For those of you who knew her, Katey was a very strong woman early on. Humberto heard the stories of her having fun as a young girl sliding down the piles of coal in her native Taylor PA - coal country. She inherited her strength from her mother, who was widowed when Katey was seven. Mima was a school teacher, and would tell Katey to study and study hard so she could always be self sufficient
So heeding her mother’s advice when she graduated from High Schol she applied for and was admitted to the Johns Hopkins School of Nursing. Where she obtained the three year Nursing Diploma. Johns Hopkins always remained close to her hear because, as she said, they taught her how to be a nurse.
Following graduation from Johns Hopkins, she was admitted to NYU, where she got her Bachelor’s and then Masters in Nursing, specializing in Psychiatry. She was self-sufficient allright: she paid for all that higher education by doing per-diem nursing work at nights.
Following NYU in 1972, she joined a budding social program on the upper West Side - the Neighborhood Health Services Program (NHSP) that eventually became the William F Ryan Community Health Center. Psychiatry was her love, and schizophrenics her beloved patients: the more voices a patient would hear the more she loved that patient. By the way, schizophrenics don’t have split personalities, they just have a lot of things going on inside their heads, and sometimes they feel they need to empty their heads in order to let other things in. She rose to be Ryan’s Director of Mental Health, all the while carrying a full patient load.
She then realized that she really didn’t like administrative work, and in 1991 she joined Mount Sinai Hospital were she set up an Outpatient Mental Health Day Care program as an adjunct to one of the inpatient mental health floors. In 1996 she went back to school, this time Columbia, where she took the Advance Practice (Nurse Practitioner) Program. She was licensed as a NP (NY) and APN (NJ)
Finally she moved from the Day Care program to the emergency room staffing guess what? The psych ER. She retired from Mount Sinai in 2004.
But she didn’t stop working when she retired. She taught at Essex County Community College, consulted for Christ Hospital’s Community Resource Center, and finally kind of full circle when she consulted for Bridgeview, another community health organization like Ryan 40 years earlier. Back problems forced her to retire, and Humberto believes these problems masked the early symptoms of the cancer that eventually killed her.

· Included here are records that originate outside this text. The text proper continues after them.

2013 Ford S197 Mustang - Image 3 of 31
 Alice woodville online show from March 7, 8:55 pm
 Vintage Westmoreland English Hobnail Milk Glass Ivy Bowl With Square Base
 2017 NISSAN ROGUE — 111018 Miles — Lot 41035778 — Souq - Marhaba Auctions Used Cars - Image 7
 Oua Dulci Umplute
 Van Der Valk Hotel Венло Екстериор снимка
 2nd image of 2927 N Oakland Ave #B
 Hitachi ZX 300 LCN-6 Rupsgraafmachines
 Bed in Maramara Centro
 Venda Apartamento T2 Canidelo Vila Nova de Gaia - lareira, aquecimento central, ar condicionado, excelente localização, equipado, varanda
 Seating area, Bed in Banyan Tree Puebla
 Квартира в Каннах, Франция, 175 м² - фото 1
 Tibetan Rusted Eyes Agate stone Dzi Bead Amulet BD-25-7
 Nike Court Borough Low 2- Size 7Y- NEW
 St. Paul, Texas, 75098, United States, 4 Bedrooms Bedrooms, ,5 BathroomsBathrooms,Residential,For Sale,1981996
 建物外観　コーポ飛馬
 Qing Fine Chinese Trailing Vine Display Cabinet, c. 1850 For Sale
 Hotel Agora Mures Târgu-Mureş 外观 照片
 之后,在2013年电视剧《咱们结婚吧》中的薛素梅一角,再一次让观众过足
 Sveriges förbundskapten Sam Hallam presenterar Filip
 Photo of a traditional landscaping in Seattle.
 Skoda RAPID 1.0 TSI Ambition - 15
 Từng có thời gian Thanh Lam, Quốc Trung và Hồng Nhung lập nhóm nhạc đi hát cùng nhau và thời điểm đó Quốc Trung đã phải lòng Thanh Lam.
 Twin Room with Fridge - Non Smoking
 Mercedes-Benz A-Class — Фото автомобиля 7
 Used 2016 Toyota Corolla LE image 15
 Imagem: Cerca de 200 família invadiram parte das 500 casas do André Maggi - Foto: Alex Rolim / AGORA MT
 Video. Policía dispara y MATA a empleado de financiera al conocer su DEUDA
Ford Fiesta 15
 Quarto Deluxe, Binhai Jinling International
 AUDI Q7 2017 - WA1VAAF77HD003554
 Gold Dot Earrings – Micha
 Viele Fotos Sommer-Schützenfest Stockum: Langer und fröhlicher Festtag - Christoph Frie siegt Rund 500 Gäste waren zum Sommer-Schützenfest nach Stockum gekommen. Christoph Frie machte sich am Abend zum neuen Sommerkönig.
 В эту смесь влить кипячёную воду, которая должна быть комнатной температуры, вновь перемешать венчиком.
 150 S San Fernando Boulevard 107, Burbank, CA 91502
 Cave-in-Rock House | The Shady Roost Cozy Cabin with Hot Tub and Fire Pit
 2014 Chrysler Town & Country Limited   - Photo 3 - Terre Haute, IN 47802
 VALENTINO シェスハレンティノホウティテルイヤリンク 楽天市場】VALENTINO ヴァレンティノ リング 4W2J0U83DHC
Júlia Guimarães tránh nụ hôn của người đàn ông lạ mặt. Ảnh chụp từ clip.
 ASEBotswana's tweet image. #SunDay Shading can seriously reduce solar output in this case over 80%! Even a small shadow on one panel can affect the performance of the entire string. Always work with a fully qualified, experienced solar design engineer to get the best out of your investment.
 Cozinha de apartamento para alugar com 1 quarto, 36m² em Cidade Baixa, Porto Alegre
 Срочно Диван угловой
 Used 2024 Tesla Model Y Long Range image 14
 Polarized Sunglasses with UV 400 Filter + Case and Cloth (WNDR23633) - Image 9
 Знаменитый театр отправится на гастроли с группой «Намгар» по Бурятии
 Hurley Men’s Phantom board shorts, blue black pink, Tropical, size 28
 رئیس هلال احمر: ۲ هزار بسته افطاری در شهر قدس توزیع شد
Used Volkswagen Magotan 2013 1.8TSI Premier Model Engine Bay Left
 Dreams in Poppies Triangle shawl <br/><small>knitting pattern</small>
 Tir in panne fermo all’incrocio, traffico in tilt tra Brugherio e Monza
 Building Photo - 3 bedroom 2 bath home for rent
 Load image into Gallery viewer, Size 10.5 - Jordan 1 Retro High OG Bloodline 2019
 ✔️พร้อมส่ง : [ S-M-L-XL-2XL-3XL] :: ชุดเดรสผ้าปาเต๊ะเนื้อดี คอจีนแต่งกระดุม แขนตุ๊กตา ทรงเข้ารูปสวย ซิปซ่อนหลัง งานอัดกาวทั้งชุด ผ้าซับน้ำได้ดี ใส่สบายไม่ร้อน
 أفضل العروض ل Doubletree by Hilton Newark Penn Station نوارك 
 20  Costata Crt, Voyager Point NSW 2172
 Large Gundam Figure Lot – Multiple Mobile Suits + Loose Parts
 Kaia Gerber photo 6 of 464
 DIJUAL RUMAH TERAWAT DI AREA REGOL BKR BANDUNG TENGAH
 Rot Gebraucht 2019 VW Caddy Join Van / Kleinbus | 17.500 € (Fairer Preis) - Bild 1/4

But what about Humberto and Katey? They first met in a ski trip to Vermont organized by the local chapter of American Youth Hostels. They worked together in the committee that organized the trips, and went on a lot of AYH trips. Katey was an avid biker, and Humberto was a putz, so she would help him complete semi-monster rides organized by AYH. Eventually they sort of realized they should do a little more than just go on group trips, and April 1977 marked the official start of their 42 year relationship
In April 1979 Katey moved to West New York, and two fortuitous things happened, besides having Humberto: Katey’s new landlady was Cuban, and Katey interacted with her in Spanish. Katey also interacted with Humberto’s mother in Spanish. That, coupled with the spanish learned during a summer job in the south of Spain, made Katey the WASP mental professional requested by Hispanic patients because the was the only one they felt comfortable with.
Katey’s favorite sport was cycling until Humberto dragged her to Martinique and Club Med. Club Med had a great sort program and Katey decided she was going to try scuba diving. Humberto Wanted to learn windsurfing, but very quickly realized he was not meant to stand on a board and hold a sail. So he joined Katey, and both got hooked on Scuba diving. So it was skiing in the winter and scuba in the summer, and a little cycling thrown in for good measure. Katey eventually fell in love with Bonaire, and spent the winters there until the health problems didn’t let her go.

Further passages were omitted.